[RECORDS FOR THIS TASK]
Segment Open
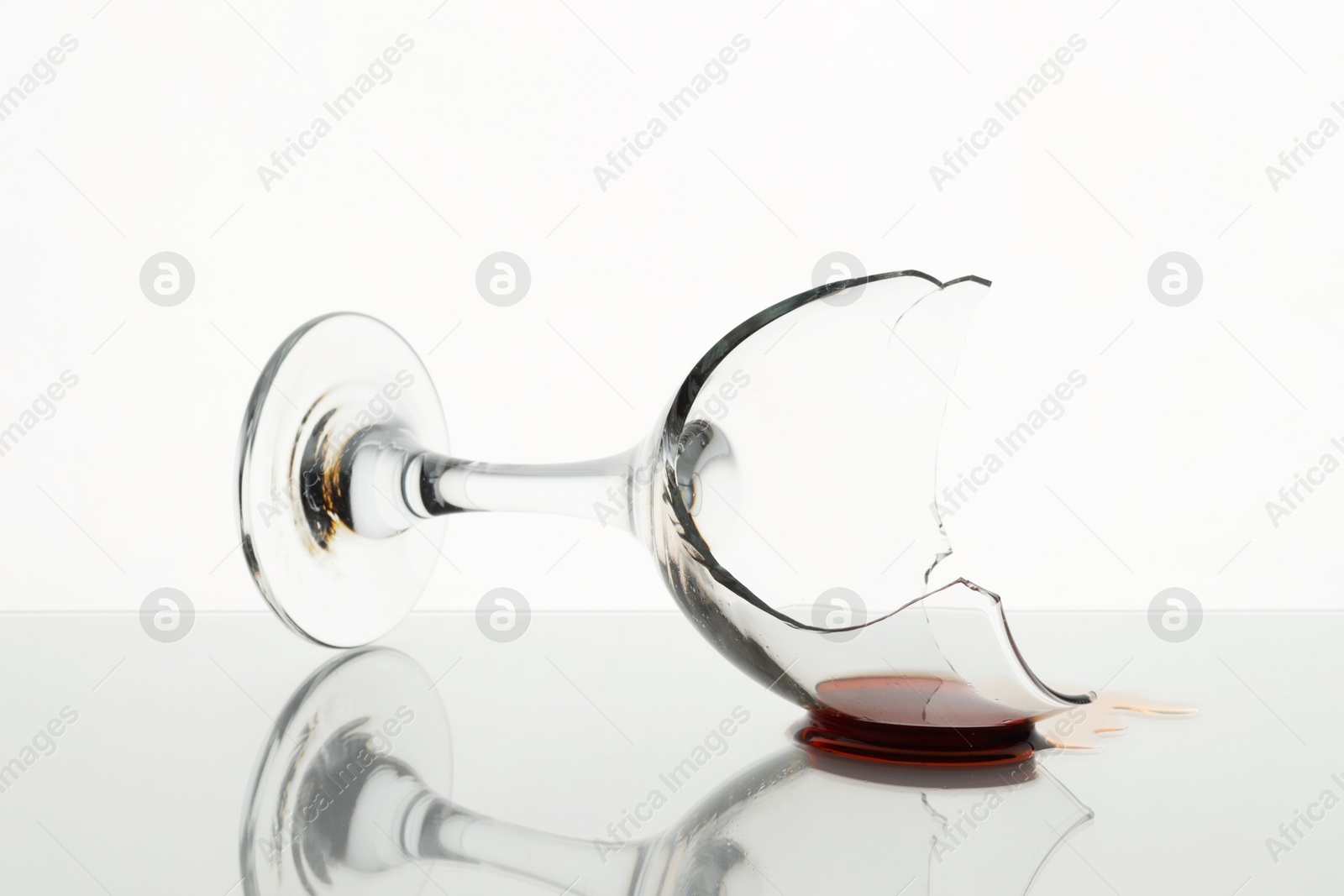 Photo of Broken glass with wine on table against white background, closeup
Segment Closed
Segment Open
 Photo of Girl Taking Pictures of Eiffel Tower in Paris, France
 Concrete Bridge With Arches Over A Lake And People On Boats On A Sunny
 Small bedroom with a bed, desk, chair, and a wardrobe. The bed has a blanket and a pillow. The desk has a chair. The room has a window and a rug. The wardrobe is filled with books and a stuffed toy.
Segment Closed
[DIRECTIONS FOR THIS TASK] In the listing above, find the line containing "Photo of Girl" and the line containing "Small bedroom with", then repeat those two lines and everything between them exactly.

[SOLVED PROBLEM]
 Photo of Girl Taking Pictures of Eiffel Tower in Paris, France
 Concrete Bridge With Arches Over A Lake And People On Boats On A Sunny
 Small bedroom with a bed, desk, chair, and a wardrobe. The bed has a blanket and a pillow. The desk has a chair. The room has a window and a rug. The wardrobe is filled with books and a stuffed toy.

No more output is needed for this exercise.